Pydata-visualizer Documentation
Table of Contents
Introduction
Pydata-visualizer is a Python library designed for exploratory data analysis and data profiling. It automatically analyzes datasets, providing detailed statistical insights, visualizations, and interactive HTML reports with minimal code requirements.
The library aims to streamline the initial data exploration phase of the data science workflow, helping users quickly understand their data’s structure, distribution, and quality.
Installation
Requirements
Python 3.8 or higher
Core dependencies: pandas, numpy, matplotlib, seaborn, scipy, jinja2
Install from PyPI
pip install pydata-visualizer
Install from Source
git clone https://github.com/Adi-Deshmukh/Pydata-visualizer.git
cd Pydata-visualizer
pip install -e .
Basic Usage
import pandas as pd
from data_visualizer.profiler import AnalysisReport
# Load your dataset
df = pd.read_csv("your_dataset.csv")
# Create and generate a report
report = AnalysisReport(df)
report.to_html("report.html")
This simple code will:
Analyze all columns in your dataset
Generate appropriate visualizations for each column
Calculate correlations between columns
Create an interactive HTML report
Core Components
Main Modules
profiler.py: Core analysis functionality, including
AnalysisReportandSettingsclassesvisualizer.py: Creates visualizations for different data types
type_analyzers.py: Type-specific analysis functions
correlations.py: Correlation calculation between variables
alerts.py: Data quality alert generation
report.py: HTML report generation
Data Flow
Data Input: User provides pandas DataFrame
Type Detection: Library detects column data types
Analysis: Type-specific analysis is performed
Visualization: Appropriate plots are generated
Correlation: Relationships between variables are calculated
Report Generation: Results are compiled into HTML report
Settings Configuration
The Settings class allows customization of the analysis process:
from data_visualizer.profiler import Settings, AnalysisReport
# Custom settings
settings = Settings(
minimal=False, # Full analysis (True for faster, minimal analysis)

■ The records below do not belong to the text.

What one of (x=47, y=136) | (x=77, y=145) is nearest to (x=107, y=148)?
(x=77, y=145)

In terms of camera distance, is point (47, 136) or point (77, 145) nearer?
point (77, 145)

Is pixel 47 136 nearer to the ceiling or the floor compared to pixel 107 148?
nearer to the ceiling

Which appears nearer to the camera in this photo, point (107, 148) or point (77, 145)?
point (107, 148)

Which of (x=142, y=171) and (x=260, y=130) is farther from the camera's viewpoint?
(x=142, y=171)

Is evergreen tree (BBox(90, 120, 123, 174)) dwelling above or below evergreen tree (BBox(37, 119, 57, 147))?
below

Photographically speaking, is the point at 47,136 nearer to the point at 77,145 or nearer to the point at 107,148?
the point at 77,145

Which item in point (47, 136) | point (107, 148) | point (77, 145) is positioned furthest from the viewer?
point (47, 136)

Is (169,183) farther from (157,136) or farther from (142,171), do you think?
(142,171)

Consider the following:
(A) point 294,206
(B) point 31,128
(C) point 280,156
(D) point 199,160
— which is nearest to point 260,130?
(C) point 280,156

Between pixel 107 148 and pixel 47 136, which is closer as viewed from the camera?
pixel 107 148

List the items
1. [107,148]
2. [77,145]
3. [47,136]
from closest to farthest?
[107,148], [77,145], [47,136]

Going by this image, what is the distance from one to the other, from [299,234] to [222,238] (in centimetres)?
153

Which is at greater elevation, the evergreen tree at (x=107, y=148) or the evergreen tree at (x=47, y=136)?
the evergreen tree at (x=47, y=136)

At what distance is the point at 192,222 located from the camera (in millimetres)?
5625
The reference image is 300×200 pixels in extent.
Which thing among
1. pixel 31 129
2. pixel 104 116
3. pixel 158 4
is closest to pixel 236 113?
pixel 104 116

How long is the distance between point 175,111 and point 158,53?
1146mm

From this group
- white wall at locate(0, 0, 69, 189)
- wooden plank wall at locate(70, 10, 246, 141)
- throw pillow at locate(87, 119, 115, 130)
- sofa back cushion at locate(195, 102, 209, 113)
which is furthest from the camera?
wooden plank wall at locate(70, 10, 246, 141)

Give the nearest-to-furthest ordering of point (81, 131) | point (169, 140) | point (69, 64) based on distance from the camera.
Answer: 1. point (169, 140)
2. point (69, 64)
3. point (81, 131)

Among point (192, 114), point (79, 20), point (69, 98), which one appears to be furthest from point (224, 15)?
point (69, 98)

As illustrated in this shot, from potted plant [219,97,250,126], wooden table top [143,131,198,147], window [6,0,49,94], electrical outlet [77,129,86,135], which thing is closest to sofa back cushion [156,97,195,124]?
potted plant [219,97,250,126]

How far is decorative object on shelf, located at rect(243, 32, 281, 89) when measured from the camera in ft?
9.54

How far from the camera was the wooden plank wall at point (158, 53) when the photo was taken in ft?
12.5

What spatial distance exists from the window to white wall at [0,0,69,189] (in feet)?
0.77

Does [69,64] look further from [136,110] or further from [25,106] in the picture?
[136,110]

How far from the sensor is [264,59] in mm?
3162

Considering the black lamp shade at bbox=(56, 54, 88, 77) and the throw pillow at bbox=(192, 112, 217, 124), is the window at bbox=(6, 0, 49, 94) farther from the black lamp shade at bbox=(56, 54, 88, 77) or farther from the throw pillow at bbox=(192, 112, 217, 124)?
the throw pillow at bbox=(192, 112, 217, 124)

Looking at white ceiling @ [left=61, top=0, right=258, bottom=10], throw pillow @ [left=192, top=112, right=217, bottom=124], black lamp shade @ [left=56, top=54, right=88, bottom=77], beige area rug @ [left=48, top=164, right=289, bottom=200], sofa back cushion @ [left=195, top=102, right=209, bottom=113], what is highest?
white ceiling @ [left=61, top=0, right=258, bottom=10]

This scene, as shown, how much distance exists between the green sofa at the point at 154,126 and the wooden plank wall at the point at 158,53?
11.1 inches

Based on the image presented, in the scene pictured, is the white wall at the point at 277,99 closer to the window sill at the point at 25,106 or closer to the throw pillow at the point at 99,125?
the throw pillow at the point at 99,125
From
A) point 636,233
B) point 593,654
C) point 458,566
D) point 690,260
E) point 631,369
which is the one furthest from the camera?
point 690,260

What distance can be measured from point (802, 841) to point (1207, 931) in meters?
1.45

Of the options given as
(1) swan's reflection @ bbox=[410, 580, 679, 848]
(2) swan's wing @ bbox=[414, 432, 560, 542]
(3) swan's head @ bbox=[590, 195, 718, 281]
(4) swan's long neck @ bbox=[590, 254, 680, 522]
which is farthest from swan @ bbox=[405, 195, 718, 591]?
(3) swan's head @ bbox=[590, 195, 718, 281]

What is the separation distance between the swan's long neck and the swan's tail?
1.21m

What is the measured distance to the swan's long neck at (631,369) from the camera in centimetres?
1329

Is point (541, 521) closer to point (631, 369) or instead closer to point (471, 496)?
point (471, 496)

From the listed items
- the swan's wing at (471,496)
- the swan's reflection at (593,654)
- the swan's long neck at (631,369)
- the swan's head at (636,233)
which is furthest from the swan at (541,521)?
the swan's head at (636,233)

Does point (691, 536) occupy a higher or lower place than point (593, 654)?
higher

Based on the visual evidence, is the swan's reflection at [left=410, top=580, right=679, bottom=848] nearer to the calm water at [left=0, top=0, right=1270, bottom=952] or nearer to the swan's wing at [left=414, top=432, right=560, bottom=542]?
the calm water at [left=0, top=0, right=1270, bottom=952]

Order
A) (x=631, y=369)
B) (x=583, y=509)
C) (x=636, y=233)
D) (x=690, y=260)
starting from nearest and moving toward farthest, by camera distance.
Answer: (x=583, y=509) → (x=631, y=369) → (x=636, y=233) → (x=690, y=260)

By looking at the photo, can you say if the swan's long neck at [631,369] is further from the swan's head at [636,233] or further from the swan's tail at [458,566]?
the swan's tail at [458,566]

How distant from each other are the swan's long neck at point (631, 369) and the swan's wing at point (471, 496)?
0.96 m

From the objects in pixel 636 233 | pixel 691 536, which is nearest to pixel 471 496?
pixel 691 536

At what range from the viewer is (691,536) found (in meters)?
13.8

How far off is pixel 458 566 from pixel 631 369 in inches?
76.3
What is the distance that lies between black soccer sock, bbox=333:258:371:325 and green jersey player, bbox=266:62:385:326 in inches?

top_n_values=5, # Show top 5 values in categorical columns
skewness_threshold=2.0, # Alert threshold for skewness
outlier_method='iqr', # Outlier detection method: 'iqr' or 'zscore'
outlier_threshold=1.5, # IQR multiplier for outlier detection
duplicate_threshold=5.0, # Alert if duplicates exceed 5% of dataset
text_analysis=True # Enable word frequency analysis for text columns
)
# Create report with custom settings
report = AnalysisReport(df, settings=settings)
report.to_html("custom_report.html")
Available Settings
Parameter |
Type |
Default |
Description |
|---|---|---|---|
minimal |
bool |
False |
If True, performs basic analysis only (skips visualizations) |
top_n_values |
int |
10 |
Number of top values to show in categorical analysis (>= 1) |
skewness_threshold |
float |
1.0 |
Threshold for skewness alerts (>= 0.0) |
outlier_method |
str |
‘iqr’ |
Outlier detection method: ‘iqr’ or ‘zscore’ |
outlier_threshold |
float |
1.5 |
IQR multiplier for outlier detection (>= 0.0) |
duplicate_threshold |
float |
5.0 |
Percentage of duplicates to trigger alert (>= 0.0) |
text_analysis |
bool |
True |
Enable word frequency analysis and word clouds for text |
Analysis Methods
Overview Statistics
Row count
Column count
Duplicate rows count
Missing value count and percentage
Numeric Column Analysis
Standard statistics (min, max, mean, median, std, quartiles)
Skewness and kurtosis
Outlier detection using IQR or Z-score methods
Outlier count and percentage
Distribution histograms with KDE and outlier highlighting
Categorical Column Analysis
Unique value count
Most frequent value
Cardinality assessment (High/Low)
Top N value counts (configurable)
Bar charts for frequency distribution
String/Text Column Analysis
Unique value count
Most frequent value
Cardinality assessment (High/Low)
Top N value counts (configurable)
Word frequency analysis (when text_analysis is enabled)
Word cloud generation (when text_analysis is enabled)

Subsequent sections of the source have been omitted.